I have several bee balm plants. Mainly because they bloom all summer and they're close to being deer proof! Bee balm has fuzzy leaves and steams that hold moisture and it is therefore prone to mildew problems. I have had good luck with "Jacob Cline". It has bright red flowers and is very mildew resisdent. It also makes a good tea.
Virginia mountain mint and agastache are also good bee and tea plants, if you're interested. I don't have any seed distributers to recommend, I usually buy potted plants.
Hope this helps.


Patrick


----------



## BeeAware (Mar 24, 2007)

Swallowtail seeds usually has Monarda D. seed. They really do attract lots of bumble bees and butterflies.


----------



## Walliebee (Nov 17, 2006)

sentientsoil said:


> As far as I know, the variety used for tea is monarda didyma.. is that right? Are these other varieties of monarda safe for tea? should I look somewhere else to get bee balm seed?


Both Monarda fistulosa and Monarda didyma makes good tea. M. fistulosa is called wild bergamot, horse-mint, or Oswego tea. was used by Native Americans. It's flavor is stronger than M. didyma.

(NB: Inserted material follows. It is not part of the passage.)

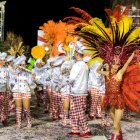 Los carnavales de Madeira (Portugal) son mundialmente famosos pero esta vez no podrán ser por la pandemia.
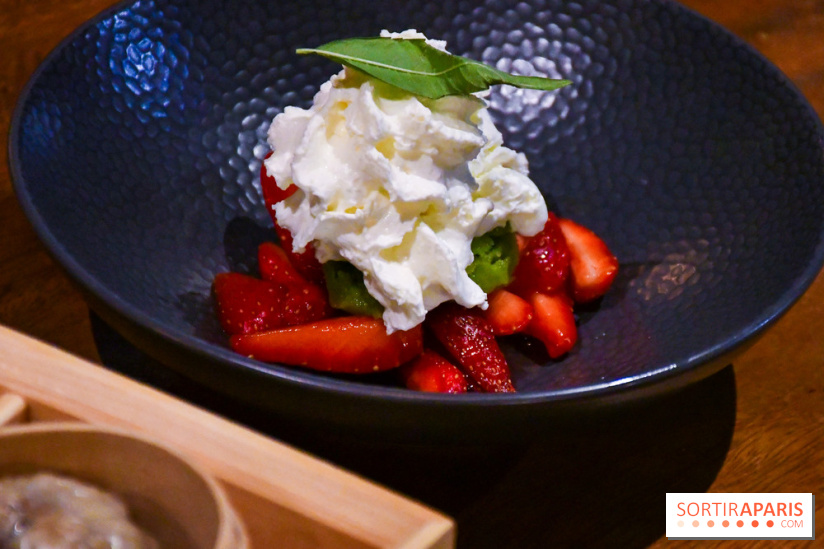 Madame Fan, le restaurant gastronomique chinois à Paris - dessert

Bee balm or M. didyma has longer flowers and attracts hummingbirds, but in my opinion bees have trouble getting nectar from the tubular blooms.

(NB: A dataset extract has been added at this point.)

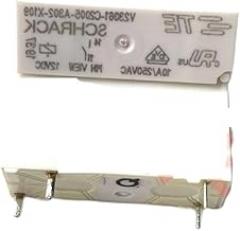 V23061-A1007-A302-X113 24VDC 10A 4-Foot Set of Normally Open Electronic DC Electromagnetic Relays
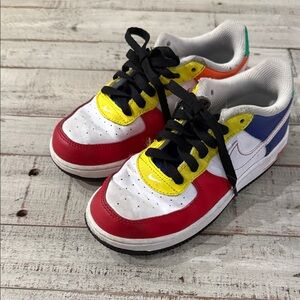 Nike Air Force 1 Low LV8 PS 'Rubik's Cube' size 1Y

There are around 20 species and you'll also find hybrids, all are edible.

They all need quite a lot of space, and good air movement in full sun to prevent powdery mildew from attacking their leaves.

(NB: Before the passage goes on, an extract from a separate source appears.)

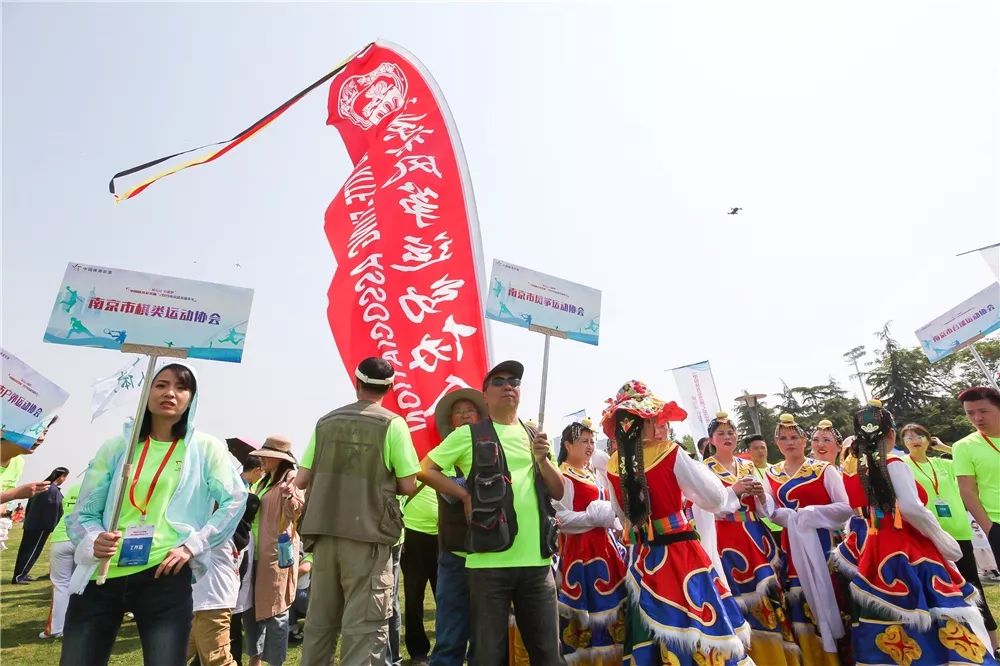 同运动、共追梦,2019南京体育嘉年华热动雨花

While seeds are easy, I would purchase a plant from a garden center. It is inexpensive will provide results much faster.

My friends at Niche Gardens mail order nursery http://www.nichegardens.com/ sell all the Monarda’s you would want.


----------



## pgg (Jun 19, 2005)

Niche Gardens is a good company to deal with. They have a very good selection of plants also.


Patrick


----------



## sentientsoil (Apr 20, 2008)

wow, thanks for all the help guys! I checked out those sites and am very impressed!

but now that I know that pretty much all the monarda are good for tea (though the fistulosa is apparently best) I can go back to Menards and see which variety that was and consider starting from seed without paying s&h. 

but wow, some of those plants I saw are soooooo tempting.


----------